Pontes was called up for the pre-Olympics in March 2020. Each country can send only two athletes per gender to the pre-Olympics, despite taekwondo having four categories at the Olympics. The Brazilian Taekwondo Confederation called up Ícaro Miguel (up to 80kg) and Edival Pontes (up to 68kg). Ícaro and Edival closed the world Olympic classification ranking in ninth place in their respective categories.

At the 2020 Summer Olympics, Edival, making his Olympic debut, ended up losing on his debut to Turkish Hakan Recber 25-18, in the round of 16 of the under-68kg category. With the result, he had to wait for the outcome of the Turk's campaign to find out if he could compete in the repechage and fight for bronze. Hakan fell in the quarterfinals to Britain's Bradly Sinden.

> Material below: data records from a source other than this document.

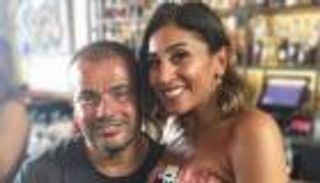 تصاعد الخلاف بين عمرو دياب ودينا الشربيني.. تطورات جديدة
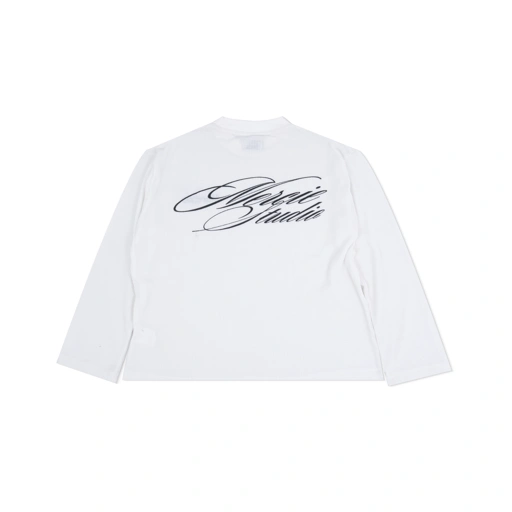  Mercie Studio - Waffle Signature  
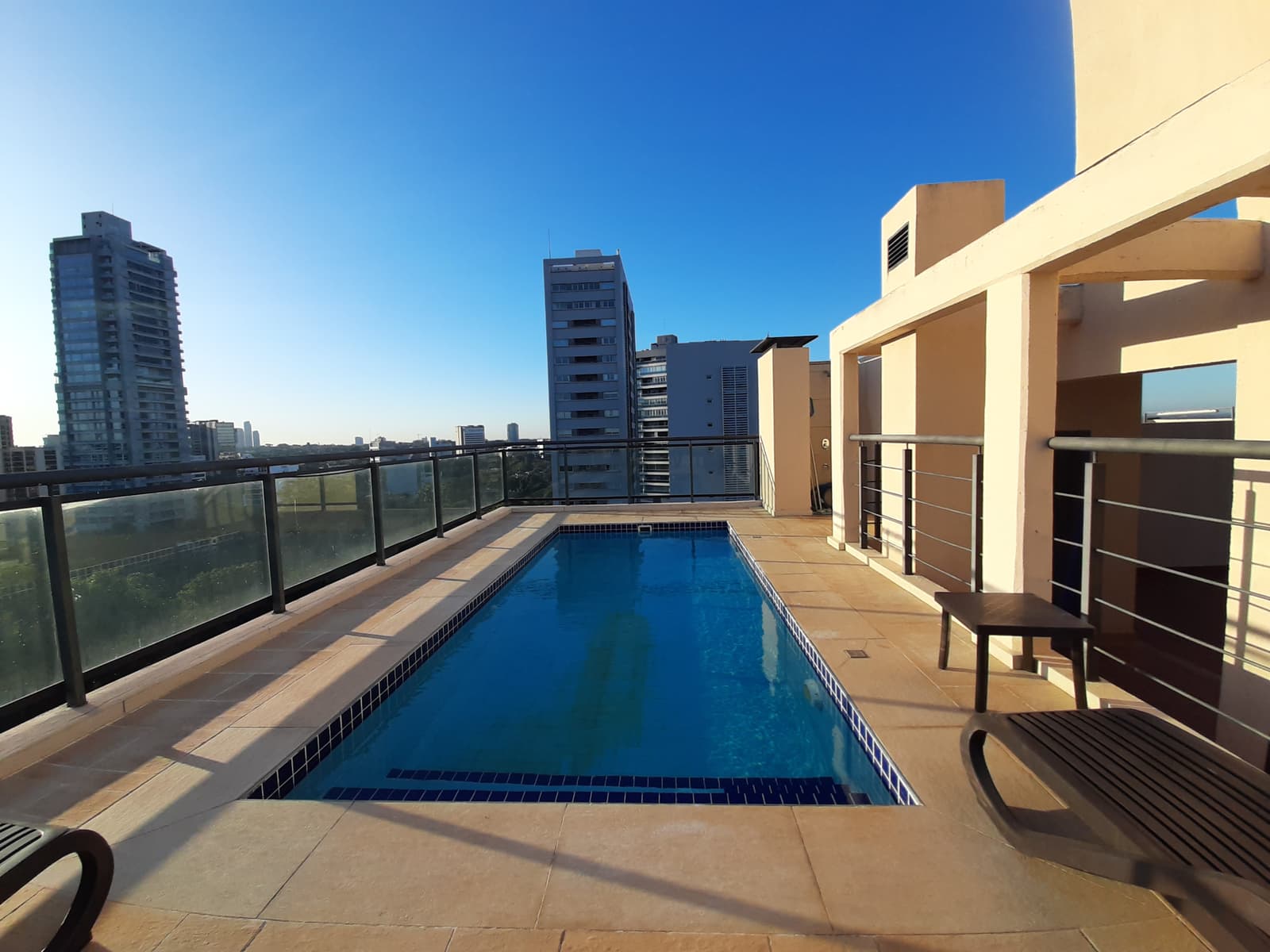Departamento en Torres de Altea - foto 2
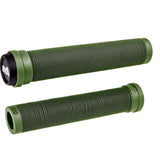 ODI Longneck SLX Pro BMX / SCOOTER Flangeless Hand Grips - 160mm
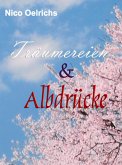 Träumereien und Albdrücke (eBook, ePUB)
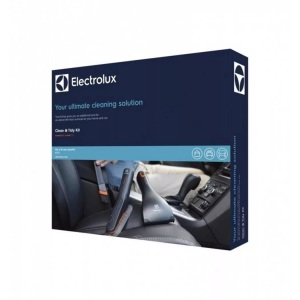Electrolux, Electrolux Kit12 - Staubsauger Zubehör (Schwarz), Electrolux AeroPro Home & Car KIT12 ø36mm Zubehör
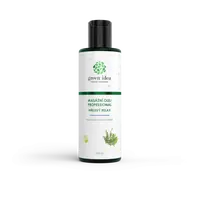 Hrejivý relax – masážny olej 200 ml – Green idea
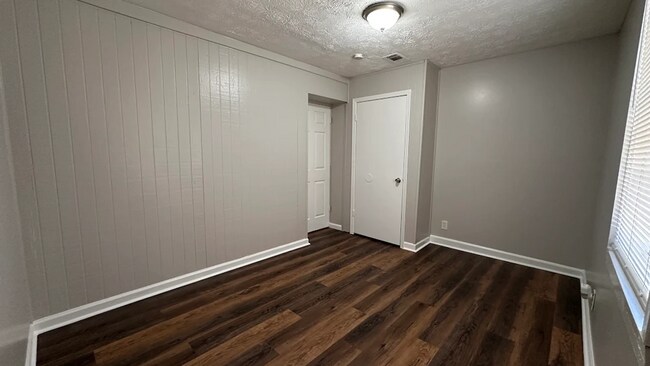 Building Photo - 2706 George St NW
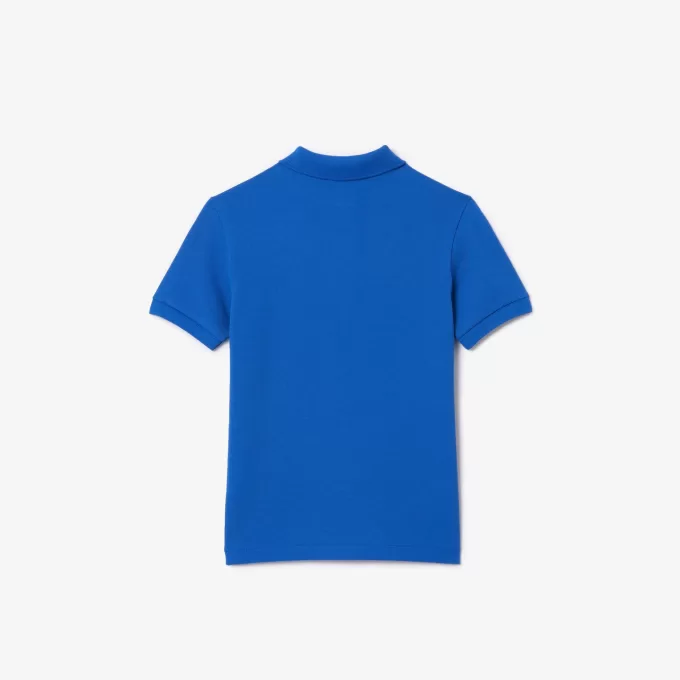 Petit Piqué poloshirt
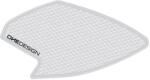 ONEDESIGN HDR oldalsó tankpad BMW G310GS 2018-2024, átlátszó ONEDESIGN Váz, idomok és járműkiegészítők Üzemanyagtartályok és tartozékaik Tankpadok és védőfóliák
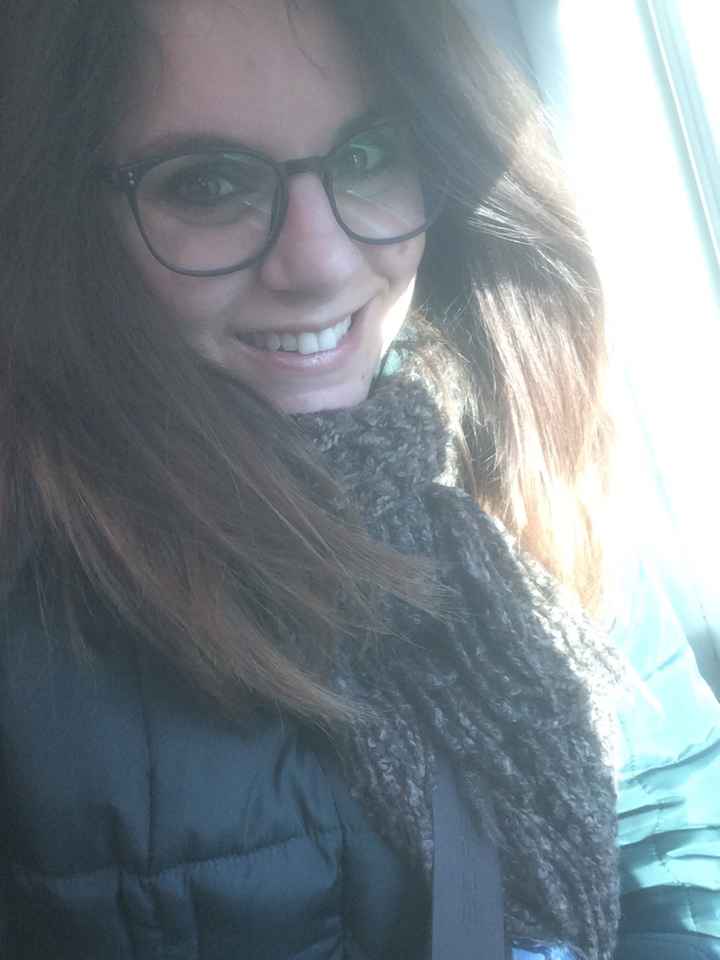 Occhiali da sposa - 1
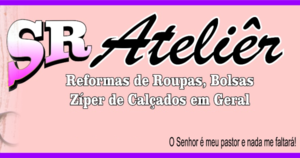 SR Ateliêr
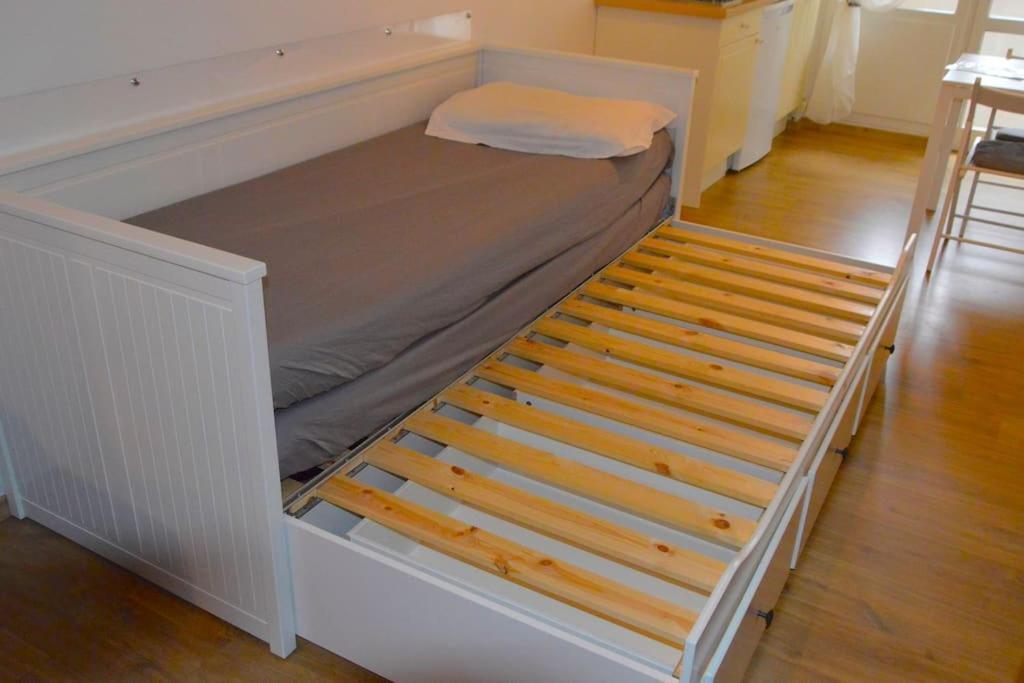 Location Studio, Lyon-La Mulatiere Zewnętrze zdjęcie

At the 2022 Pan American Taekwondo Championships, Edival won the gold medal in the 74 kg category, becoming champion of the competition for the second time.

At the 2022 South American Games, he won a silver medal in the 68 kg category.

At the 2022 World Taekwondo Championships, Pontes became world runner-up, obtaining silver in the under-74 kg category. At 25 years old, it was his first medal in adult World Championships. Edival sought to be the second Brazilian to win a world title in taekwondo, equaling Natália Falavigna, champion in 2005.

At the 2023 Pan American Games, the men's team, formed by Edival Pontes, Maicon Andrade and Paulo Melo, won an unprecedented gold medal for the country, after a comeback over Cuba in the semifinals, with a 76-60 triumph, and a victory over Chile 48 to 16

In the 2024 Summer Olympics, Pontes lost his first match to Zaid Kareem, but was allowed into the repechage once Kareem reached the final. After winning a rematch against Hakan Recber, he got to the bronze medal match opposite Javier Pérez Polo, and with his win became the third Brazilian with a taekwondo medal after Natália Falavigna and Maicon de Andrade.